# Gift Ideas for Godparents?



## miguelsanchez (Feb 1, 2005)

Hi everybody! We'll be baptising our kid soon and are having trouble deciding on a gift for the Godparents (a married couple). We've looked at weekendtrips.com and those Shoppers Drug Mart "life experiences", i.e. an activity that they can do together (they don't have kids), but we're still open to other ideas.

Any ideas?

Thanks in advance for your help,

Miguel


----------



## miguelsanchez (Feb 1, 2005)

(bump) 

anyone?


----------



## Dr.G. (Aug 4, 2001)

We had a picture taken of my wife and I with our godchild. Everyone got copies, and the parents paid for the photo framing. Great gift (we are the godparents).


----------



## yoyo (Aug 3, 2003)

ipods


----------



## MLeh (Dec 23, 2005)

I've never heard of giving gifts to godparents as part of the baptism*, so I'd probably go with the framed photo idea. 

(*after all, it's supposed to be the _start_ of a special relationship)


----------



## miguelsanchez (Feb 1, 2005)

Thanks for the replies, everyone. We are taking the photo idea one step further and we are going to get them a digital camera, since they don't already have one.

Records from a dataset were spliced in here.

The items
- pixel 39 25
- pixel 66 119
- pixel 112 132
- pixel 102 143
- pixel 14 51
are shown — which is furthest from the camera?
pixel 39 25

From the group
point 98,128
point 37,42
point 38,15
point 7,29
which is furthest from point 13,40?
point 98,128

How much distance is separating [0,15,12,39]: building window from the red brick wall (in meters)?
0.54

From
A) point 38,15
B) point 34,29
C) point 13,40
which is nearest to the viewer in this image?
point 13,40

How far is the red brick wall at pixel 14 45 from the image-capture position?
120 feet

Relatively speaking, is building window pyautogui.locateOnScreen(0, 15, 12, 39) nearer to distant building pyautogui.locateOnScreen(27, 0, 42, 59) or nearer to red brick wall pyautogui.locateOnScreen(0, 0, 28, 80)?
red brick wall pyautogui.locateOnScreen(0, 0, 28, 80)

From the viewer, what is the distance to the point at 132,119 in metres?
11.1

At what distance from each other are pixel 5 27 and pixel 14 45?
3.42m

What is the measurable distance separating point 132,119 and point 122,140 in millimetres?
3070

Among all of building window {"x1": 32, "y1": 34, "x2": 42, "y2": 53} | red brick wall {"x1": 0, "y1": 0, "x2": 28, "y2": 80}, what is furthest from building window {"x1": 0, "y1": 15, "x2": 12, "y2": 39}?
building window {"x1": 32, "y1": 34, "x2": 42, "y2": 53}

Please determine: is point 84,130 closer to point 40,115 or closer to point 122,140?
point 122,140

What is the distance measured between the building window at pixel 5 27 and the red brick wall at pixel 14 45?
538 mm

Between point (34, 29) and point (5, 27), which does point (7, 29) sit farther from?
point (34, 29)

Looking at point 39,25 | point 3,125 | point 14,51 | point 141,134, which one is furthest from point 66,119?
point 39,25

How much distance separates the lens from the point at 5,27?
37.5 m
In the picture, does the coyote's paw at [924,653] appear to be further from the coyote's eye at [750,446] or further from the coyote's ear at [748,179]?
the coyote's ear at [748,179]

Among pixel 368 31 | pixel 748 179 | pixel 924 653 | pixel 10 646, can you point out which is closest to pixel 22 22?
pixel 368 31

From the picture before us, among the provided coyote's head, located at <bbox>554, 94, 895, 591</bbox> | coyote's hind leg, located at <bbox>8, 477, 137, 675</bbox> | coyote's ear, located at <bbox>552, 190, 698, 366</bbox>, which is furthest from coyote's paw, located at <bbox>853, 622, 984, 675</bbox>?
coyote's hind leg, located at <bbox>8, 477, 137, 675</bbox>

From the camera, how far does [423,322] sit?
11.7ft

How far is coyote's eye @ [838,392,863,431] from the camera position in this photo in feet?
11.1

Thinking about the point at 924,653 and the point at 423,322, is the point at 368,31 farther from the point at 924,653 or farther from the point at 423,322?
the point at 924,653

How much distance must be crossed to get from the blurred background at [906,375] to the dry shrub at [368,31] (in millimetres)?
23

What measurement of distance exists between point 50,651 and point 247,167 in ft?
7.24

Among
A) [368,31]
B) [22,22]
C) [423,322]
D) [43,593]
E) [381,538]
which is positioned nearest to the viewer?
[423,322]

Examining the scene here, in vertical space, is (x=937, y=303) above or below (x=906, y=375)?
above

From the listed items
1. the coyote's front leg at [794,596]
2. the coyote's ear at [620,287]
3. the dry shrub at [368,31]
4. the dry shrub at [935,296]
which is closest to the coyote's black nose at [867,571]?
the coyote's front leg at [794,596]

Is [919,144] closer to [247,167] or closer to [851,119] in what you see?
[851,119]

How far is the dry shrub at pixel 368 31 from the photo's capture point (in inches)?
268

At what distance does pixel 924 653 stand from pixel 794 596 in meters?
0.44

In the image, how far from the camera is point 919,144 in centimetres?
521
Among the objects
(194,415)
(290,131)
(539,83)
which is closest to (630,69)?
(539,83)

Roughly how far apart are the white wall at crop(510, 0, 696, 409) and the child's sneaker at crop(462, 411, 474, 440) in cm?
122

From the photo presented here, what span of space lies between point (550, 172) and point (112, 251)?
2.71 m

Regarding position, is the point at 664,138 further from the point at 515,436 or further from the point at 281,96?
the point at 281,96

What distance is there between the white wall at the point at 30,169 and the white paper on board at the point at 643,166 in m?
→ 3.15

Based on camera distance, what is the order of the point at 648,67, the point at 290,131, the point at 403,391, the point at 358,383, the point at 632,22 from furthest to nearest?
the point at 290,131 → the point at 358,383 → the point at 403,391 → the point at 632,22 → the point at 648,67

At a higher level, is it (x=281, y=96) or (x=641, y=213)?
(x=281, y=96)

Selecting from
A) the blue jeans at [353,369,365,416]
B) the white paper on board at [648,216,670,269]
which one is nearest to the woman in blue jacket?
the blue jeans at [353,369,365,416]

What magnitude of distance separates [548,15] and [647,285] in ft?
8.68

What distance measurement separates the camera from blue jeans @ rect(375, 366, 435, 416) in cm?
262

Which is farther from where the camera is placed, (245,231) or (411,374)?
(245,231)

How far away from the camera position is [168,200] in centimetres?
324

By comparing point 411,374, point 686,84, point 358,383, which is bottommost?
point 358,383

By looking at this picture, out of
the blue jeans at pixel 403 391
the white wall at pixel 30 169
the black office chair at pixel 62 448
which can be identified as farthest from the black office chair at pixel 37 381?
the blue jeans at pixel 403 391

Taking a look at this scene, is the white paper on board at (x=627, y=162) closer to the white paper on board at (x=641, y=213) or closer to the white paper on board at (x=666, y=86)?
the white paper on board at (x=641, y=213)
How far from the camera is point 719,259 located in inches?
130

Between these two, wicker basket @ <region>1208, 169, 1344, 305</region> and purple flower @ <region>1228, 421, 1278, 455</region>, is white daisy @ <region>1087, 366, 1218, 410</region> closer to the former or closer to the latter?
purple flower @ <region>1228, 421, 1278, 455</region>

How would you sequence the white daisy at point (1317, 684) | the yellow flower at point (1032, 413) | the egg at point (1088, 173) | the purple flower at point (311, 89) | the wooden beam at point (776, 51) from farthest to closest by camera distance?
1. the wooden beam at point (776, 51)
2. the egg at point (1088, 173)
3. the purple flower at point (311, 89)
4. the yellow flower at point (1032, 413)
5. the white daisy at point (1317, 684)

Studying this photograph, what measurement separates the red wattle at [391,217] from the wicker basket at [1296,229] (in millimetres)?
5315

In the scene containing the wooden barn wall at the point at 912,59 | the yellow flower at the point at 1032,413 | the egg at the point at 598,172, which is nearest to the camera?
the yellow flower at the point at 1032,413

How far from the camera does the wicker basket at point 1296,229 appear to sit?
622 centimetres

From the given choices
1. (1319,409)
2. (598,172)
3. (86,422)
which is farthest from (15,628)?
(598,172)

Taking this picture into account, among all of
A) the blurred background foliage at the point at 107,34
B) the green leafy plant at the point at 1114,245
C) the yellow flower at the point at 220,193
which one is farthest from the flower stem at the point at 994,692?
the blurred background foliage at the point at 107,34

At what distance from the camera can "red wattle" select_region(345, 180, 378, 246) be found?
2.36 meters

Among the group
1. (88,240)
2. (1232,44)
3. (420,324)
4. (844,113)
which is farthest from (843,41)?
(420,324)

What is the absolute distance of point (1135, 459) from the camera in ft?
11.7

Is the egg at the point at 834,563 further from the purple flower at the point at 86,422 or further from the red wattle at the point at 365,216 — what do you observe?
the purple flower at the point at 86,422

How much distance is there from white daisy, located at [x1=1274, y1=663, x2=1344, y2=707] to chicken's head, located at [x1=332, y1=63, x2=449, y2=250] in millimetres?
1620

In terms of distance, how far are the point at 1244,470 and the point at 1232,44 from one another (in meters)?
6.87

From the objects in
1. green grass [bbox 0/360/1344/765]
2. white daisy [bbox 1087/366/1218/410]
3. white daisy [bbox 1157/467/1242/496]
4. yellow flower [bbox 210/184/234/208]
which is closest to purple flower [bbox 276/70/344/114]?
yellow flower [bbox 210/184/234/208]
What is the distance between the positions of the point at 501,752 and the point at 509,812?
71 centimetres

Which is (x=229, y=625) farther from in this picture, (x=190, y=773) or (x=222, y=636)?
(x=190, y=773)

MLeh, I know it sounds a little silly, but in the Greek Orthodox church, the Godparents go through a lot of trouble and money for this one special day, buying a special outfit for the kid, a gold cross and chain, special candles, etc. The gift is just a sign of appreciation for them doing this. The guy is also a very close relative and was my best man, so it's a continuing special relationship for us and a new one for them and the kid. 

Thanks again everyone,

Miguel


----------